Flip Through

Friday, September 28, 2007

More of a concept than a thing

Fifty Things Which Are On My Desk:

Two stellar Bose speakers, one pair of denim shorts, a Forgotten English page-a-day calendar, an ugly jar made in high school pottery, four books (A Portrait of the Artist as a Young Man, Mrs. Dalloway, All Over but the Shoutin', and The Handmaid's Tale), a set of X-rays of my spinal cord and rib cage, a Nexium pen, a pair of jeans, a set of new car insurance cards, three months' worth of bank statements, a black skirt, a denim skirt, a black bra, an empty plastic cup, a checkbook, a thank-you card, the title of my car, a stack of comic books (Immortal Iron Fist and White Tiger), three textbooks (Images of the Past, Cultural Anthropology, and The Longman Anthology of British Literature), one yellow folder with various library call numbers written on it, the set list of a Kamelot show, a red picture frame featuring a postcard from the Victoria and Albert Museum, a sonnet written in response to Keats's "On Seeing the Elgin Marbles for the First Time", English notes from last summer, an "I trust Severus Snape" sticker, and my purse.

One Thing Which Is Not:

My computer.

Friday, September 07, 2007

Sugar and spice and everything nice

This, we know, is what little girls are made of.
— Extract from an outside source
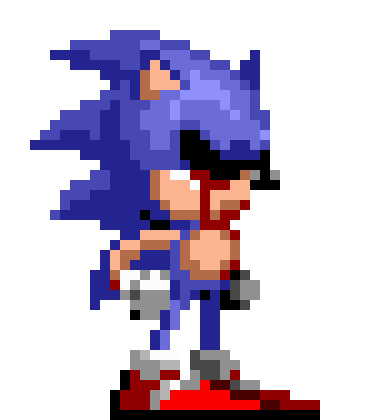 [6db2b2] Sonic.exe. . 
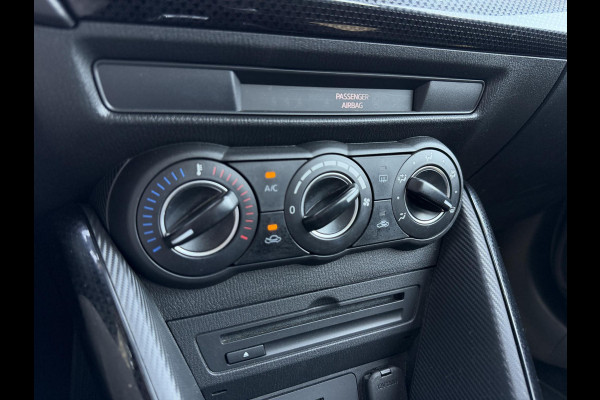 Mazda 2 1.5 Skyactiv-G Dynamic+ | Cruise  Control | Airco |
Little boys, likewise, are made of snakes and snails and puppydog tails, for reasons unknown.

Very nice, but more interesting is what the state of New Hampshire is made of. Dunkin Donuts and granite and vanity plates? Communist-era grocery stores and hair salons and dial-up Internet? Ski slopes and haddock on buns and bikers? Is this truly the most bizarre state in the Union? I think so-o. Containing barely one million citizens, New Hampshire ranks 41st in population and not one of these people is anything less than snowy white.

I may be exaggerating, but only slightly.

Worth noting is that New Hampshire, despite its frigid temperatures and lack of wireless, has produced a variety of famous people, including Daniel Webster (who is not who you think he is), Dan Brown (who does not deserve to be well-known), and funnyfolks Sarah Silverman and Seth Meyers. All I can think is that growing up in an Arctic environment of seasonal tourism and IGAs would turn me towards meth and teenage pregnancy, not fiery oratory, pot-boilers, and Comedy Central shows.

Honestly, it's funny how New Hampshire works. You fly into Manchester, the only international airport in the state, and think, if you're me, Wow! I'm farther north than I've ever been in the Continental United States! You then realize that your parents live four hours north of where you are currently standing. So far north, in fact, that it would have been closer for them if you had just flown into Montreal, Quebec. As you drive ever more northerly, you begin to realize why this state has so few residents. Why the place is abounding with Dunkin Donuts yet has perhaps ten movie theatres. Why black people would find it such a heinous environment to live in. Why, perhaps, the Old Man in the Mountain had the gall to finally fall down after untold years of being the main tourist attraction.

There is nothing to do here. One can only hike so much. If it is not winter, skiing, snowboarding, and tubing are not possible. The beach is not a beach, simply a shoreline. The state history is the history of every other New England state. The only places to buy alcohol are state liquor stores. If it isn't blazingly obvious, I don't have much use for New Hampshire.

One thing worth mentioning--NH will make you write. The best short story I've written thus far was set in New Hampshire. Maybe John Irving and Robert Frost are on to something.